ディーン・パリソット 監督「ビルとテッドの大冒険」3395本目

「ディアボロス」見たらこれが見たくなりました。

キアヌ・リーヴスっておバカ役をやってるときも好きだな。私の大好きなケヴィン・クラインも、イケメンなのにおまぬけな役が多い。若い頃の近藤正臣のきょとんとした顔も好きだったな…(割と系統が近い人たち)

この作品も、見終わったとき何も残らないし、「バック・トゥ・ザ・フューチャー」の二番煎じみたいだけど、楽しい。連綿と作られ続けているアメリカのよい子向けのドラマみたいで。出てる人たちも見てる人たちも、のんきでハッピーなファミリーなんだろうなと想像して、なんとなく幸せな気分になれる。いいんじゃないですか、こういうのも。

さて、おっさんバージョンも見てみるか!

テイラー・ハックフォード 監督「ディアボロス 悪魔の扉」3394本目

キアヌ・リーヴスとアル・パチーノの対決。でも妻と二人の場面も多い。最初は童顔の可愛いお嬢ちゃんだと思ったけど、シャーリーズ・セロンじゃないですか!なかなか迫真の演技。

この頃のキアヌ・リーヴスの美しさ。ジョージ・クルーニーみたいな知性派で熱い二枚目とも違うけど、ヴィスコンティに入れ込まれそうな妖精っぽさは無くて、「ビルとテッド」の普通で元気な男の子がそのまま残ってるのが彼っぽさなんだろうな。マトリックス・リザレクションズでも時々少年の頃みたいな表情をしてました。

内容については、この映画って法廷ものサスペンスかと思ったら「ローズマリーの赤ちゃん」なのか「クリスマス・キャロル」なのか?いや、あれだ、えーと(思い出すのに時間がかかる)「アメリカン・サイコ」のようでもある。ほぼ現実っぽくストーリーが進むので、最後の最後にはぐらかされたような気がするけど、闇に落ちたままで終わらなくて良かったという安心感もあります。

見てる間はアル・パチーノの癖の強さも堪能してるんだけど、見終わってみると不思議と彼は印象に残らないですね。意外と面白かったような、だけど人に勧めるほどでもない、という微妙な映画でした。

 

ジョナサン・デイトン 監督「バトル・オブ・ザ・セクシーズ」3393本目

タイトルは日本で報道されたときには「男女対抗試合」となってたようだ。これだといまどきの洋画として人気出なさそうだから、原題のままにしたんだな…。この試合のとき、私はもう生まれてるし、クリス・エバートあたりから記憶があるのに、ビリー・ジーン・キングのことは全然知らなかった。この映画で取り上げたボビー・リッグスの2試合のほかに、1992年にジミー・コナーズとマルチナ・ナブラチロワも対戦してたのも知らなかった!

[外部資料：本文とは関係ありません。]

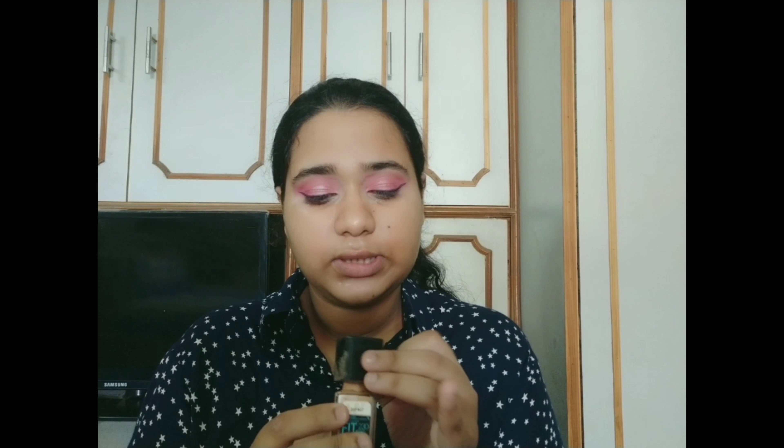Maybelline Fit Me Foundation in shade 230 Natural Buff.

監督は「リトル・ミス・サンシャイン」と「ルビー・スパークス」と同じと知ってちょっと安心。悲惨な結末ではなさそうだ…。

エマ・ストーンっていいですね。ちょっとファニー・フェイスで勢いがあって。彼女の夫ラリー(オースティン・ストウェル)はほんとに好青年だし、彼女が恋をする美容師マリリン(アンドレア・ライブズロー)はフェミニンで繊細。対戦相手ボビー・リッグス(スティーヴ・カレル)は軽妙だし、ライバルのマーガレットを演じてるのはジェシカ・マクナミーという女優だけど、マルチナ・ヒンギス(かつての大選手ね)が俳優に転向したのかと思った。私だけか。

実際にボビーが女子選手に戦いを挑んだ(アトラクション的に)ときの試合は「バトル・オブ・ザ・セクシーズ」と呼ばれたそうだけど、この映画では異性愛と同性愛という意味での性別のコンフリクトもあるんだよな。ここはちょっと予想してませんでした。ビリー・ジーンが実際に同性愛者だったとしても、対戦前から周囲の人がみんな知っていたり、夫婦間でも動揺があったんだな。

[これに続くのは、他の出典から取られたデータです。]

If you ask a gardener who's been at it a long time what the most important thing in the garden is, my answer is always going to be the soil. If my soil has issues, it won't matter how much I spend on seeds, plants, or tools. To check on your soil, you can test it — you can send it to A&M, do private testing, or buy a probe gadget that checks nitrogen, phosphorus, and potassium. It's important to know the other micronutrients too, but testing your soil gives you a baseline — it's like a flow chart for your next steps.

彼女には「絶対勝つ」強い思いがあったし、女が男に負けるというあたまがなかった。その後闘い続けて、まだ今78歳だ。この試合を知らなかった私には十分面白かったけど、アメリカなら、家族のうち、じいちゃんばあちゃんだけでなく、とうちゃんかあちゃんも当時テレビを見たかもしれない。アメリカの一般大衆にショックはなかったから、興行収益が伸びなかったのかもなー、なんて思ってしまいました。

 

ハル・アシュビー監督「ザ・ローリングストーンズ レッツ・スペンド・ザ・ナイト・トゥゲザー」3392本目

NHKBSでやってたのを見た。1981年の作品ってことは、撮影したのは前年くらいか。映像を見た記憶はないけど、これと同じ構成のライブを録音したカセットテープをよく聴いてたので、細かいところまでよーく記憶してる。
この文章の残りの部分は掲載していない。